Drei Jahre, ein iPhone und viele Nachahmer-Handys später setzt die Industrie nun zum nächsten Sprung an. Beim MWC 2010, der am heutigen Montag in Barcelona beginnt, wollen Hersteller die ersten Handys zeigen, die den Standard Long Term Evolution (LTE) beherrschen, den designierten Nachfolger von UMTS. Versprochen werden dabei Geschwindigkeiten von zunächst 100Mbit pro Sekunde, die derzeit selbst über stationäre Glasfaser- oder Kabelanschlüsse nur wenige Anbieter an die Endkunden liefern können.

Fernsehen über das Handy

Damit gewinnen auch Überlegungen wieder an Fahrt, die viele schon abgeschrieben hatten: Fernsehen über mobile Endgeräte. Natürlich kann man beispielsweise digitales Antennenfernsehen mittlerweile auch auf der Autobahn bei hoher Geschwindigkeit empfangen, dazu müssen allerdings schon zwei Antennen außen am Auto angebracht sein.

Bei den Handys setzte sich der DVB-T-Standard jedoch nicht richtig durch. Ein regelrechter Flop war der speziell auf Handys zugeschnittene Standard DVB-H, am Ende ließ der Inhaber der entsprechenden Lizenz diese einfach verfallen.

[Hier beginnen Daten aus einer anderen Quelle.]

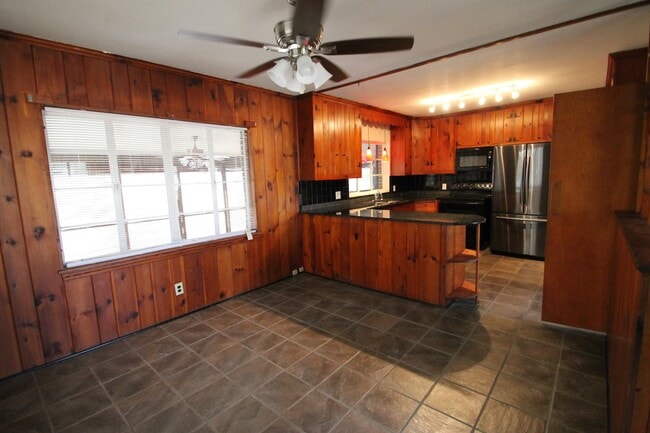 Photo - Exclusively Offered by Muse Realty, LLC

Wenn nun aber mit LTE im digitalen Mobilfunk so viel Bandbreite zur Verfügung steht und mit den sogenannten Tablet-PCs wie Apples iPad eine neue Geräteklasse auf den Markt kommt, die Mobilität mit größeren Bildschirmen kombiniert, beflügelt das die Phantasien. Im März, so heißt es nun, soll die Lizenz für DVB-H erneut vergeben werden.

Auch Apples geradezu herbeigesehnter Tablet-PC macht vielen in der Branche Hoffnung - er tat das sogar schon, als es noch nicht mehr war als ein raffiniert gestreutes Gerücht. An Tablets haben sich schon viele Hersteller versucht, bisher ohne nennenswerten Erfolg.

Mit den Berührungsbildschirmen, die sich allmählich zu einem Standard entwickeln, und stromsparenden, aber vergleichsweise flotten Prozessoren und vor allem mit einer herangewachsenen Kundschaft, die ihr Leben mehr und mehr mit dem Internet verwebt, stehen die Chancen diesmal um einiges besser, dass die neue Kategorie einschlägt. Die Mobilfunkbranche ist dabei zumindest bei der Anbindung der Geräte ans mobile Internet mit von der Partie.